- _EXERCISE REQUIREMENTS_
Only a slice of the listing below is wanted. Retype the lines from the one containing "YV4612HK4G1003445 - 2016" through the one containing "-大头虾越式风味餐厅(光明广场店)", exactly, both ends included.

- _RECORDS FOR THE TASK_
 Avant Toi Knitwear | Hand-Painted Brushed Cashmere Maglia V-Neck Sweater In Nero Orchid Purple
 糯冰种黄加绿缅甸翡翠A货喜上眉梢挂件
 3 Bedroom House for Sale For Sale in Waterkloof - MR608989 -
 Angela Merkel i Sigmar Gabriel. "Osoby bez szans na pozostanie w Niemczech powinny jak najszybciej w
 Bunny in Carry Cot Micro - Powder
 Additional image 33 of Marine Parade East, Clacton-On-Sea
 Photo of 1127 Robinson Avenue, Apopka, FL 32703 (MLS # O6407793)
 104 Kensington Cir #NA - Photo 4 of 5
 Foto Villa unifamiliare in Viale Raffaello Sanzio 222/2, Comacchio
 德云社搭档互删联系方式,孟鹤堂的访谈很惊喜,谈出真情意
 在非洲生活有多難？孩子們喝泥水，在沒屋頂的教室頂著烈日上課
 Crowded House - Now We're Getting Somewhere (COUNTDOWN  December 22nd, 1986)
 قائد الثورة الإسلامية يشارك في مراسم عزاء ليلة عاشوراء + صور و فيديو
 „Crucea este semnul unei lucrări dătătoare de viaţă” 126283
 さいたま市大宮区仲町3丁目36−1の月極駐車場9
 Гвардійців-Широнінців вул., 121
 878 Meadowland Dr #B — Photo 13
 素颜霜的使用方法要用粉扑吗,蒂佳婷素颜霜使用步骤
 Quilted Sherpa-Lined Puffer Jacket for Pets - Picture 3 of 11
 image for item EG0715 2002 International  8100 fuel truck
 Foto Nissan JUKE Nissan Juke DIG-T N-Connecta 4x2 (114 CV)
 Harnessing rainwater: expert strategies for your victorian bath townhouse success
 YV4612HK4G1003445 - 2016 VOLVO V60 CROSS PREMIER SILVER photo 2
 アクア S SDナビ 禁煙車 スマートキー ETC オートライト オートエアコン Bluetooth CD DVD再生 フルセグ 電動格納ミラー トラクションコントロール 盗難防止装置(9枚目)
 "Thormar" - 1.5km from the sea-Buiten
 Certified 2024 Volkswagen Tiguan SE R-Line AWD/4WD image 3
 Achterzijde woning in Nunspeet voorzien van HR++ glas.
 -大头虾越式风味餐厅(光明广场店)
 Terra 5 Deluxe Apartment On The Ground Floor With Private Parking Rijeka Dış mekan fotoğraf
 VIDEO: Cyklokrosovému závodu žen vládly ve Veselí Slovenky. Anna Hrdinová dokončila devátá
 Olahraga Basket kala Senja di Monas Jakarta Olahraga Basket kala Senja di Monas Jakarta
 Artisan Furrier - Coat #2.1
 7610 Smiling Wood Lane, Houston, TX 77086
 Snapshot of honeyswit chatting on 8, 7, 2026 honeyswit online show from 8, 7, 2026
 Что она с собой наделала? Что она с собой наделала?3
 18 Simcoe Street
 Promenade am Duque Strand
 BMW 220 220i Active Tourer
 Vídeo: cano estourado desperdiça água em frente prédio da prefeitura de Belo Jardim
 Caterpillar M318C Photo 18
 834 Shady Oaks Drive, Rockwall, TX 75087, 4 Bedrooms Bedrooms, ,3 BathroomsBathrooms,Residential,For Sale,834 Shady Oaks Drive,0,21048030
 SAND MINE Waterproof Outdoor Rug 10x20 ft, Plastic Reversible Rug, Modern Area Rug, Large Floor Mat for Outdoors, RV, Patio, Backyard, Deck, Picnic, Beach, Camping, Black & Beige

- _REPLY TO THE EXERCISE_
 YV4612HK4G1003445 - 2016 VOLVO V60 CROSS PREMIER SILVER photo 2
 アクア S SDナビ 禁煙車 スマートキー ETC オートライト オートエアコン Bluetooth CD DVD再生 フルセグ 電動格納ミラー トラクションコントロール 盗難防止装置(9枚目)
 "Thormar" - 1.5km from the sea-Buiten
 Certified 2024 Volkswagen Tiguan SE R-Line AWD/4WD image 3
 Achterzijde woning in Nunspeet voorzien van HR++ glas.
 -大头虾越式风味餐厅(光明广场店)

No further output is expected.